* _Records for this task_:
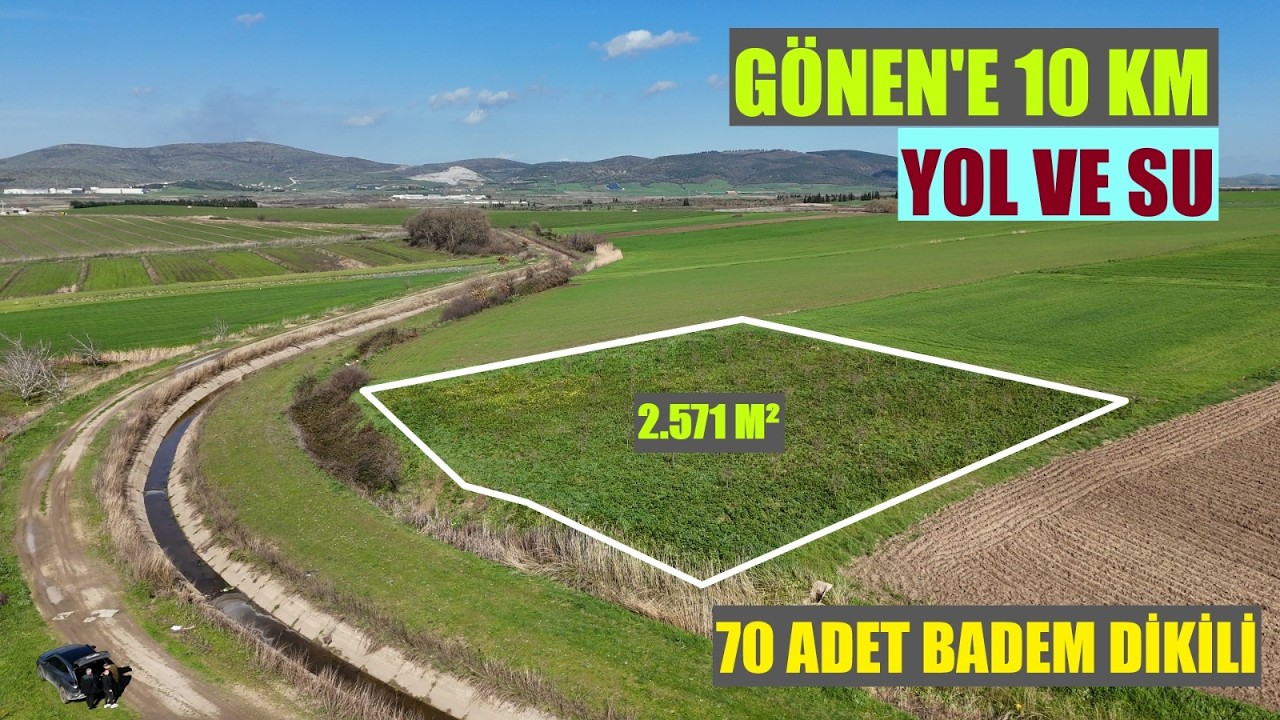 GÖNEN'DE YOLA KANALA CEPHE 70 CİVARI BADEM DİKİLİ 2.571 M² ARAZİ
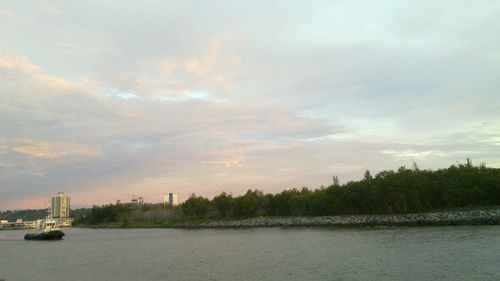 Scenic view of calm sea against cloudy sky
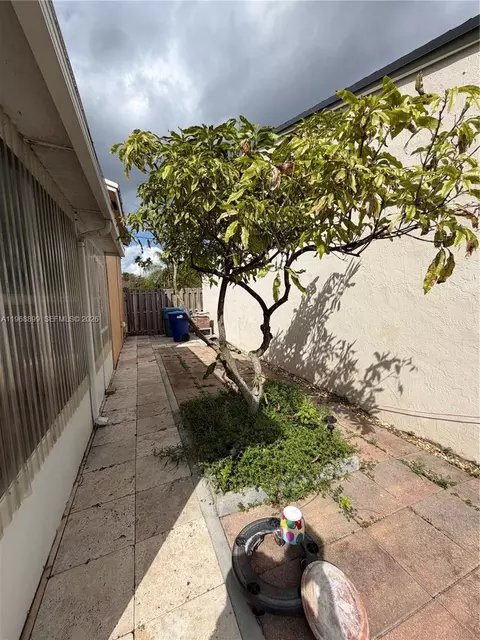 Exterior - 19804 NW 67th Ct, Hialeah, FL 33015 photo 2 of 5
---
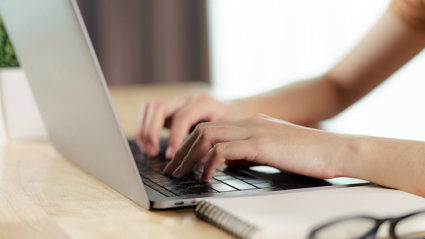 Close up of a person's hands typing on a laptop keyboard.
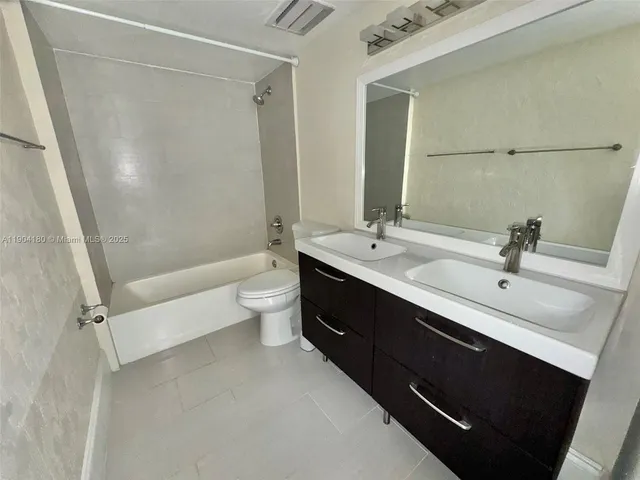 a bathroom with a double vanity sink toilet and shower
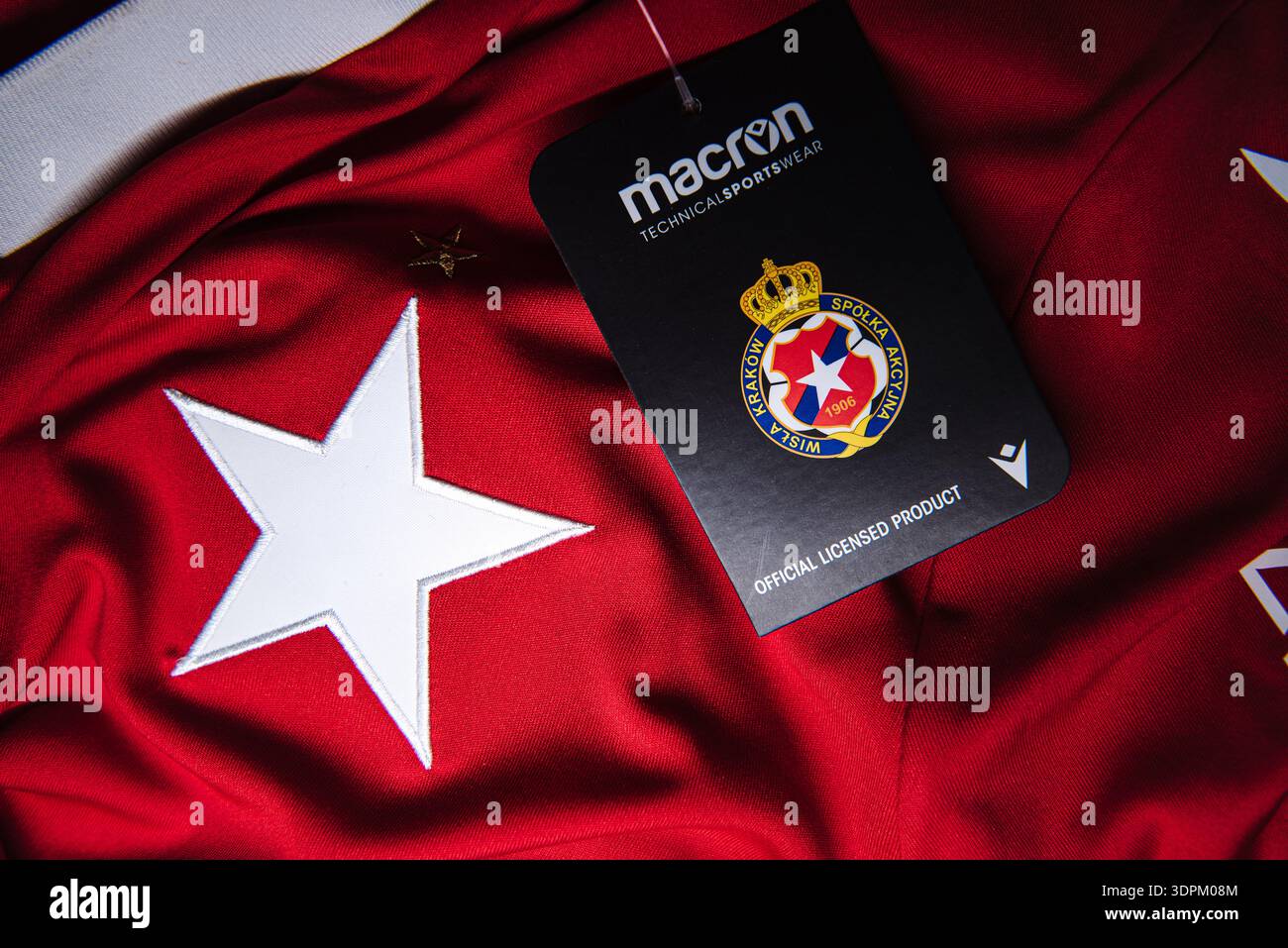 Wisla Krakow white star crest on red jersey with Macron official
...
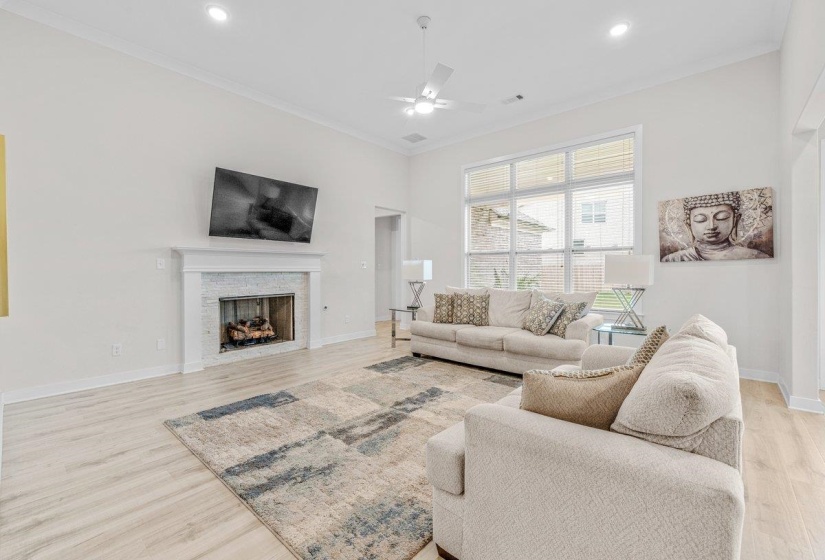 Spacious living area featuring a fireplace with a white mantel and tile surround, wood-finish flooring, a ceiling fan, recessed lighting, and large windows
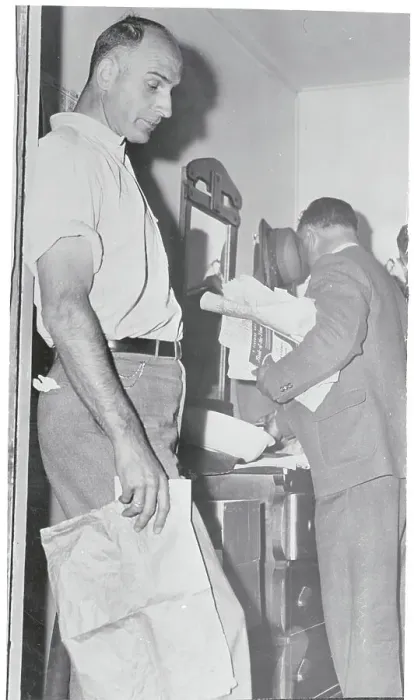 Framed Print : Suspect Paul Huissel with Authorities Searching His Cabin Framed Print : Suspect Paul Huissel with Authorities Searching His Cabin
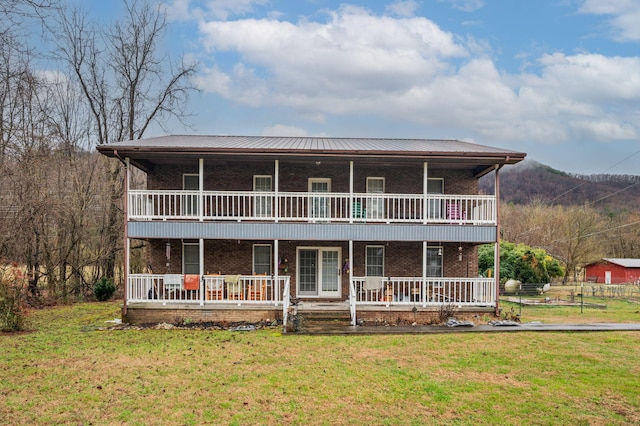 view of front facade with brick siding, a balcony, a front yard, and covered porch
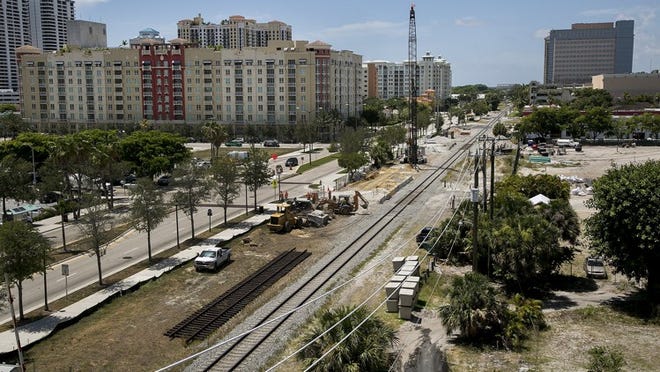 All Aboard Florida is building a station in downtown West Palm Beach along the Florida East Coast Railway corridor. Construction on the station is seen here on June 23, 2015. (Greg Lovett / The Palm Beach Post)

* _Exercise objective_:
All lines above starting at the one with "His Cabin Framed" and ending at the one with "All Aboard Florida", inclusive, are to be printed again exactly, with the pictures left out.

* _Answer for this exercise_:
 Framed Print : Suspect Paul Huissel with Authorities Searching His Cabin Framed Print : Suspect Paul Huissel with Authorities Searching His Cabin
 view of front facade with brick siding, a balcony, a front yard, and covered porch
 All Aboard Florida is building a station in downtown West Palm Beach along the Florida East Coast Railway corridor. Construction on the station is seen here on June 23, 2015. (Greg Lovett / The Palm Beach Post)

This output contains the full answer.